My boss was off for a little hike yesterday and asked if I'd like to come along and as climbing Mt Egmont was something I've wanted to do since I got here I couldn't say no.

Started off at North Egmont visitors centre at 955m above sealevel according to my trust G-Shock (only 18 metres out from the Bosses GPS, so not too bad).










And to the very highest point was where we were heading










After a while the visitors centre was slowly getting smaller and further away.










Abover the clouds you could see Mt Ruapehu which iirc is about 90/100km away.










And quite along way away was the South Island, you can just make out the outline on the horizon.










Finally at the summit, by which time my G-shock was about 118m out.










As it's actually a Volcano the centre was a big crater filled with snow and bloody freezing despite the temp that day being high 20's.










Me at the highest point looking down on the world 










100th Anniversary plaque of the first people to climb it.










My work mate thinking about base jumping










And New Plymouth starting to peek through the clouds, if you look really carefully you can see my GF waving :lol:


----------



## Mirror Finish Details (Aug 21, 2008)

Wow, looks really good above the clouds.


----------



## Alex L (Oct 25, 2005)

It was, felt really cool doing something on foot that you'd only normally ever see by plane.


----------



## Flaming Dragon (Apr 9, 2007)

Ok... now I'm really really jealous!
That looks absolutely amazing, I bet the views just take your breath away.

They are some gorgeous pictures too, were there any problems with the camera at that height?


----------



## chappo (Jan 7, 2010)

they really are some breath taking veiws,

awsome pics as well mate.


----------



## -tom- (Jan 27, 2009)

fantastic pictures above the skys as said only birds or on a plane.


----------



## Naddy37 (Oct 27, 2005)

You lucky barsteward....


----------



## Neil_S (Oct 26, 2005)

Nice photos mate!


----------



## Multipla Mick (Feb 5, 2006)

Stunning stuff :thumb:


----------



## Alex L (Oct 25, 2005)

Flaming Dragon said:


> Ok... now I'm really really jealous!
> That looks absolutely amazing, I bet the views just take your breath away.
> 
> They are some gorgeous pictures too, were there any problems with the camera at that height?

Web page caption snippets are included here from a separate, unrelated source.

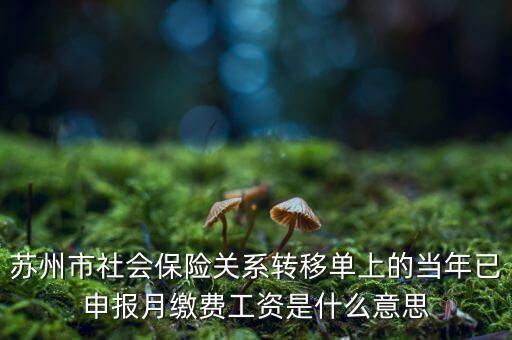 社保已申報(bào)是什么意思，新手求助請問網(wǎng)上申報(bào)是什么意思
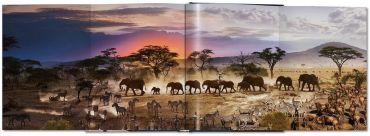 Stephen Wilkes. Day to Night - фото 9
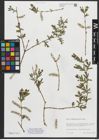 Foto von Salix amplexicaulis Bory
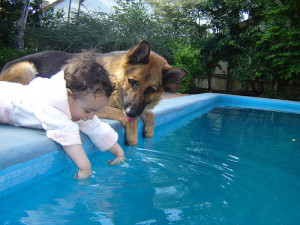 baby, dog, pool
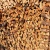 Import Dried Split Kiln Firewood / Dried Split Oak Firewood / Dried Split Birch Fire from South Africa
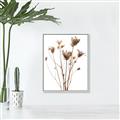 Picture of Dried Flower III  _GroupedProduct_Rectangle_Portrait_Photography _GroupedProduct_Rectangle_Portrait_Canvas_Framed_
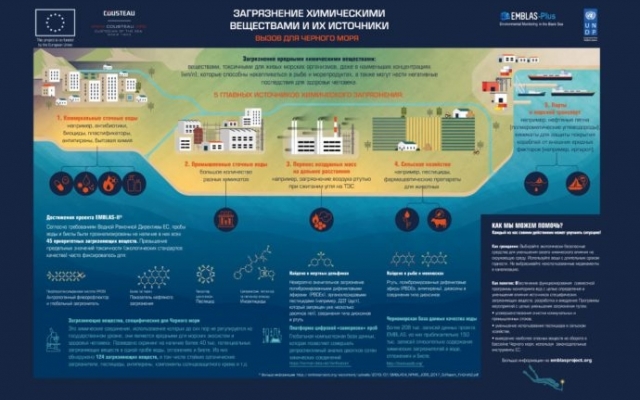 Черное море возрождается: замечены осетр и белуга Фото № 0 Черное море возрождается: замечены осетр и белуга Фото № 0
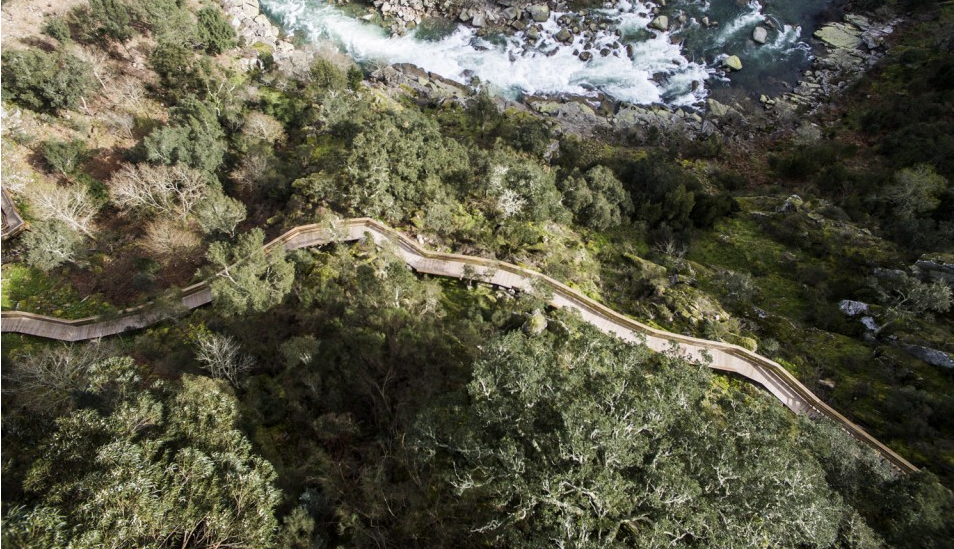 Paiva Walkways8۾е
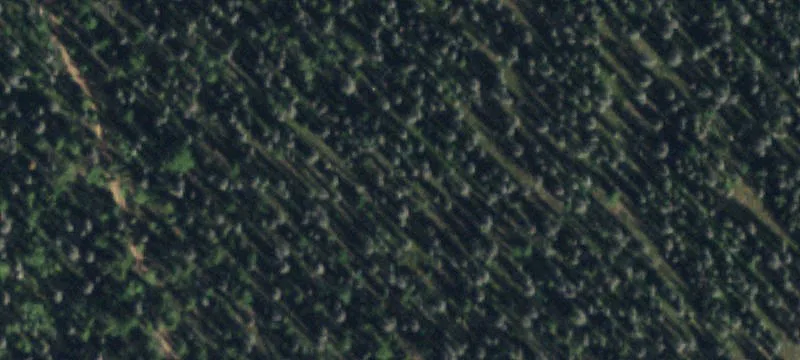 2540 Usfs Rd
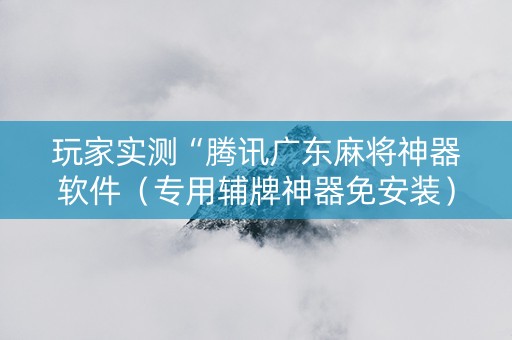 玩家实测“腾讯广东麻将神器软件（专用辅牌神器免安装）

No problems that I could tell (apart from the bit of dust on the lense thats been there for months )



neilos said:


> You lucky barsteward....


I know, you wouldn't be able to handle the creepy crawlies though :lol:


----------



## Naddy37 (Oct 27, 2005)

Alex L said:


> I know, you wouldn't be able to handle the creepy crawlies though :lol:


I don't mind admitting that


----------